§ Requirement:
Please reproduce the data in its entirety, word for word.

= Beginning of Section =

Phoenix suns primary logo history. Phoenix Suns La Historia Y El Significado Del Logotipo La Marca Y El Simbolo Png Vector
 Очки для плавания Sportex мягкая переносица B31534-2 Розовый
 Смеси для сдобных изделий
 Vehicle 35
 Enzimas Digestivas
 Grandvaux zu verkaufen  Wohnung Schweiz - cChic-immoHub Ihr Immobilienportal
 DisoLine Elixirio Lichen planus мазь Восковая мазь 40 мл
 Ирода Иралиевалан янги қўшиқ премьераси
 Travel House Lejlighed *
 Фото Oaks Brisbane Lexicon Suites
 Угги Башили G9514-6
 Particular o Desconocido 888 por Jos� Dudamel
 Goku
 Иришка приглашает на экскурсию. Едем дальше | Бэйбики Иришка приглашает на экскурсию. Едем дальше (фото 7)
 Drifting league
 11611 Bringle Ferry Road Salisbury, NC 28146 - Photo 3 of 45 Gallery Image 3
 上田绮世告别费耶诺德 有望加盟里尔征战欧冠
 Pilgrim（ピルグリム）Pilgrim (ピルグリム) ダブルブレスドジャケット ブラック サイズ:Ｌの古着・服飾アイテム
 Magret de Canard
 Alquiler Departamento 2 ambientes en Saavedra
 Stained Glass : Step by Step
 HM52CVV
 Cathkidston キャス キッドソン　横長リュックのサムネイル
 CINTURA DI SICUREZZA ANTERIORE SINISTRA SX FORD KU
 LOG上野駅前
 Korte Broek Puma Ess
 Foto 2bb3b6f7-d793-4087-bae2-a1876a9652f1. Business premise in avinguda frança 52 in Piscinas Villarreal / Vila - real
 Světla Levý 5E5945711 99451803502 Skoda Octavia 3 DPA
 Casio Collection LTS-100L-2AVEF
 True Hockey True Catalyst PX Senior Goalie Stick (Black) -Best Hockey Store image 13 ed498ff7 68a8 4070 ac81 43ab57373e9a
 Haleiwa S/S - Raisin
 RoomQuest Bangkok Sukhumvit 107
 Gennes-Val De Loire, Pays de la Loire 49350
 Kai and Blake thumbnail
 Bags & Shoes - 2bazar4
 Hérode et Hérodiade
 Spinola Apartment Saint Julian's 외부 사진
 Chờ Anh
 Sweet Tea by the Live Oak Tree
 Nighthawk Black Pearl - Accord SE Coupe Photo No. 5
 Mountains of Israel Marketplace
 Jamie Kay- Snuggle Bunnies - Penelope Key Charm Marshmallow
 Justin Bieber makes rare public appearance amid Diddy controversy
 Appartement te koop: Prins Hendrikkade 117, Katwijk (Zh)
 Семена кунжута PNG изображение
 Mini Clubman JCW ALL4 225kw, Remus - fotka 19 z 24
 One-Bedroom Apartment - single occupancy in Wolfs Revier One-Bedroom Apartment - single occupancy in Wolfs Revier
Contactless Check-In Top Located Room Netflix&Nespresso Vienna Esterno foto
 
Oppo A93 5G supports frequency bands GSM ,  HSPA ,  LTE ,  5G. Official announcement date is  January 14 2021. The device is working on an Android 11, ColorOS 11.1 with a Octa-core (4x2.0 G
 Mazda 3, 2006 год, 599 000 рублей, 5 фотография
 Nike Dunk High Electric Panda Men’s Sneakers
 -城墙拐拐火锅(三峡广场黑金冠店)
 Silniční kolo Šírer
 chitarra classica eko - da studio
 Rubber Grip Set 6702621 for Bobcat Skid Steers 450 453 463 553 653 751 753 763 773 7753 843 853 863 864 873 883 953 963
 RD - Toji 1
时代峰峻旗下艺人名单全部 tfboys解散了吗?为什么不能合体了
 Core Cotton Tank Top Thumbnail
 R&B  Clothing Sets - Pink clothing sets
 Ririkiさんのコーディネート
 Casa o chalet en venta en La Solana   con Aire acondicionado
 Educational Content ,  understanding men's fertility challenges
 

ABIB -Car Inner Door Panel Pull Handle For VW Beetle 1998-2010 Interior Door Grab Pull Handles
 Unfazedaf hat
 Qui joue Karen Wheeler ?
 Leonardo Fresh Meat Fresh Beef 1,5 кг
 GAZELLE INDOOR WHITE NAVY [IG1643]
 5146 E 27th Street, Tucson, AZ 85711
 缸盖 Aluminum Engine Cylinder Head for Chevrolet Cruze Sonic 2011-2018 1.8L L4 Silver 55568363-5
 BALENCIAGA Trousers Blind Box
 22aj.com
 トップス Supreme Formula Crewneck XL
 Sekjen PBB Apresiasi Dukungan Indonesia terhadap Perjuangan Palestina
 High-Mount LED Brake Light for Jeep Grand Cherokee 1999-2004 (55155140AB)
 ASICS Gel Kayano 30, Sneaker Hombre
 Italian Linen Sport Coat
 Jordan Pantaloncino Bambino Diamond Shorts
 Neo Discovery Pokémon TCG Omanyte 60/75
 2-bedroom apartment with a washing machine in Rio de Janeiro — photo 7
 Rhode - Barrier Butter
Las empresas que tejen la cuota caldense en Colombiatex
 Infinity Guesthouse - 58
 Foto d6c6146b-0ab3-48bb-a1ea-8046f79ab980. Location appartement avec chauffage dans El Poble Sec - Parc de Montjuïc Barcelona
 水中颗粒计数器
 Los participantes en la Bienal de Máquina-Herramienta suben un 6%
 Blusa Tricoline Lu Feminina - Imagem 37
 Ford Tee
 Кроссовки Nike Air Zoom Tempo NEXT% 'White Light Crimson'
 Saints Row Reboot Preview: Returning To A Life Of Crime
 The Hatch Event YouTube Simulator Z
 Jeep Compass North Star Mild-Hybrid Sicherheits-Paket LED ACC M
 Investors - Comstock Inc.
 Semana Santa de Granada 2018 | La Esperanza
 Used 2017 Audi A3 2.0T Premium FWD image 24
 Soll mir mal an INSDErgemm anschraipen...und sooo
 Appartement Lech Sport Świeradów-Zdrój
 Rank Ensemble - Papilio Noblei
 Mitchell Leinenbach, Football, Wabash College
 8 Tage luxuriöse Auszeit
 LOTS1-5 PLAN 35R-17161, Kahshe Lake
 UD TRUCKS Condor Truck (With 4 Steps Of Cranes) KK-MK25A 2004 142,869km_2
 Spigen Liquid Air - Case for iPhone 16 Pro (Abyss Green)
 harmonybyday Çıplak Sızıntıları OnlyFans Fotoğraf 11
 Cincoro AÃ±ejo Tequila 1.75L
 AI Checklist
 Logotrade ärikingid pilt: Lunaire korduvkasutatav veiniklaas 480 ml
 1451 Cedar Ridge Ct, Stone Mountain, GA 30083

= End of Section =

§ Exercise answer:
Phoenix suns primary logo history. Phoenix Suns La Historia Y El Significado Del Logotipo La Marca Y El Simbolo Png Vector
 Очки для плавания Sportex мягкая переносица B31534-2 Розовый
 Смеси для сдобных изделий
 Vehicle 35
 Enzimas Digestivas
 Grandvaux zu verkaufen  Wohnung Schweiz - cChic-immoHub Ihr Immobilienportal
 DisoLine Elixirio Lichen planus мазь Восковая мазь 40 мл
 Ирода Иралиевалан янги қўшиқ премьераси
 Travel House Lejlighed *
 Фото Oaks Brisbane Lexicon Suites
 Угги Башили G9514-6
 Particular o Desconocido 888 por Jos� Dudamel
 Goku
 Иришка приглашает на экскурсию. Едем дальше | Бэйбики Иришка приглашает на экскурсию. Едем дальше (фото 7)
 Drifting league
 11611 Bringle Ferry Road Salisbury, NC 28146 - Photo 3 of 45 Gallery Image 3
 上田绮世告别费耶诺德 有望加盟里尔征战欧冠
 Pilgrim（ピルグリム）Pilgrim (ピルグリム) ダブルブレスドジャケット ブラック サイズ:Ｌの古着・服飾アイテム
 Magret de Canard
 Alquiler Departamento 2 ambientes en Saavedra
 Stained Glass : Step by Step
 HM52CVV
 Cathkidston キャス キッドソン　横長リュックのサムネイル
 CINTURA DI SICUREZZA ANTERIORE SINISTRA SX FORD KU
 LOG上野駅前
 Korte Broek Puma Ess
 Foto 2bb3b6f7-d793-4087-bae2-a1876a9652f1. Business premise in avinguda frança 52 in Piscinas Villarreal / Vila - real
 Světla Levý 5E5945711 99451803502 Skoda Octavia 3 DPA
 Casio Collection LTS-100L-2AVEF
 True Hockey True Catalyst PX Senior Goalie Stick (Black) -Best Hockey Store image 13 ed498ff7 68a8 4070 ac81 43ab57373e9a
 Haleiwa S/S - Raisin
 RoomQuest Bangkok Sukhumvit 107
 Gennes-Val De Loire, Pays de la Loire 49350
 Kai and Blake thumbnail
 Bags & Shoes - 2bazar4
 Hérode et Hérodiade
 Spinola Apartment Saint Julian's 외부 사진
 Chờ Anh
 Sweet Tea by the Live Oak Tree
 Nighthawk Black Pearl - Accord SE Coupe Photo No. 5
 Mountains of Israel Marketplace
 Jamie Kay- Snuggle Bunnies - Penelope Key Charm Marshmallow
 Justin Bieber makes rare public appearance amid Diddy controversy
 Appartement te koop: Prins Hendrikkade 117, Katwijk (Zh)
 Семена кунжута PNG изображение
 Mini Clubman JCW ALL4 225kw, Remus - fotka 19 z 24
 One-Bedroom Apartment - single occupancy in Wolfs Revier One-Bedroom Apartment - single occupancy in Wolfs Revier
Contactless Check-In Top Located Room Netflix&Nespresso Vienna Esterno foto
 
Oppo A93 5G supports frequency bands GSM ,  HSPA ,  LTE ,  5G. Official announcement date is  January 14 2021. The device is working on an Android 11, ColorOS 11.1 with a Octa-core (4x2.0 G
 Mazda 3, 2006 год, 599 000 рублей, 5 фотография
 Nike Dunk High Electric Panda Men’s Sneakers
 -城墙拐拐火锅(三峡广场黑金冠店)
 Silniční kolo Šírer
 chitarra classica eko - da studio
 Rubber Grip Set 6702621 for Bobcat Skid Steers 450 453 463 553 653 751 753 763 773 7753 843 853 863 864 873 883 953 963
 RD - Toji 1
时代峰峻旗下艺人名单全部 tfboys解散了吗?为什么不能合体了
 Core Cotton Tank Top Thumbnail
 R&B  Clothing Sets - Pink clothing sets
 Ririkiさんのコーディネート
 Casa o chalet en venta en La Solana   con Aire acondicionado
 Educational Content ,  understanding men's fertility challenges
 

ABIB -Car Inner Door Panel Pull Handle For VW Beetle 1998-2010 Interior Door Grab Pull Handles
 Unfazedaf hat
 Qui joue Karen Wheeler ?
 Leonardo Fresh Meat Fresh Beef 1,5 кг
 GAZELLE INDOOR WHITE NAVY [IG1643]
 5146 E 27th Street, Tucson, AZ 85711
 缸盖 Aluminum Engine Cylinder Head for Chevrolet Cruze Sonic 2011-2018 1.8L L4 Silver 55568363-5
 BALENCIAGA Trousers Blind Box
 22aj.com
 トップス Supreme Formula Crewneck XL
 Sekjen PBB Apresiasi Dukungan Indonesia terhadap Perjuangan Palestina
 High-Mount LED Brake Light for Jeep Grand Cherokee 1999-2004 (55155140AB)
 ASICS Gel Kayano 30, Sneaker Hombre
 Italian Linen Sport Coat
 Jordan Pantaloncino Bambino Diamond Shorts
 Neo Discovery Pokémon TCG Omanyte 60/75
 2-bedroom apartment with a washing machine in Rio de Janeiro — photo 7
 Rhode - Barrier Butter
Las empresas que tejen la cuota caldense en Colombiatex
 Infinity Guesthouse - 58
 Foto d6c6146b-0ab3-48bb-a1ea-8046f79ab980. Location appartement avec chauffage dans El Poble Sec - Parc de Montjuïc Barcelona
 水中颗粒计数器
 Los participantes en la Bienal de Máquina-Herramienta suben un 6%
 Blusa Tricoline Lu Feminina - Imagem 37
 Ford Tee
 Кроссовки Nike Air Zoom Tempo NEXT% 'White Light Crimson'
 Saints Row Reboot Preview: Returning To A Life Of Crime
 The Hatch Event YouTube Simulator Z
 Jeep Compass North Star Mild-Hybrid Sicherheits-Paket LED ACC M
 Investors - Comstock Inc.
 Semana Santa de Granada 2018 | La Esperanza
 Used 2017 Audi A3 2.0T Premium FWD image 24
 Soll mir mal an INSDErgemm anschraipen...und sooo
 Appartement Lech Sport Świeradów-Zdrój
 Rank Ensemble - Papilio Noblei
 Mitchell Leinenbach, Football, Wabash College
 8 Tage luxuriöse Auszeit
 LOTS1-5 PLAN 35R-17161, Kahshe Lake
 UD TRUCKS Condor Truck (With 4 Steps Of Cranes) KK-MK25A 2004 142,869km_2
 Spigen Liquid Air - Case for iPhone 16 Pro (Abyss Green)
 harmonybyday Çıplak Sızıntıları OnlyFans Fotoğraf 11
 Cincoro AÃ±ejo Tequila 1.75L
 AI Checklist
 Logotrade ärikingid pilt: Lunaire korduvkasutatav veiniklaas 480 ml
 1451 Cedar Ridge Ct, Stone Mountain, GA 30083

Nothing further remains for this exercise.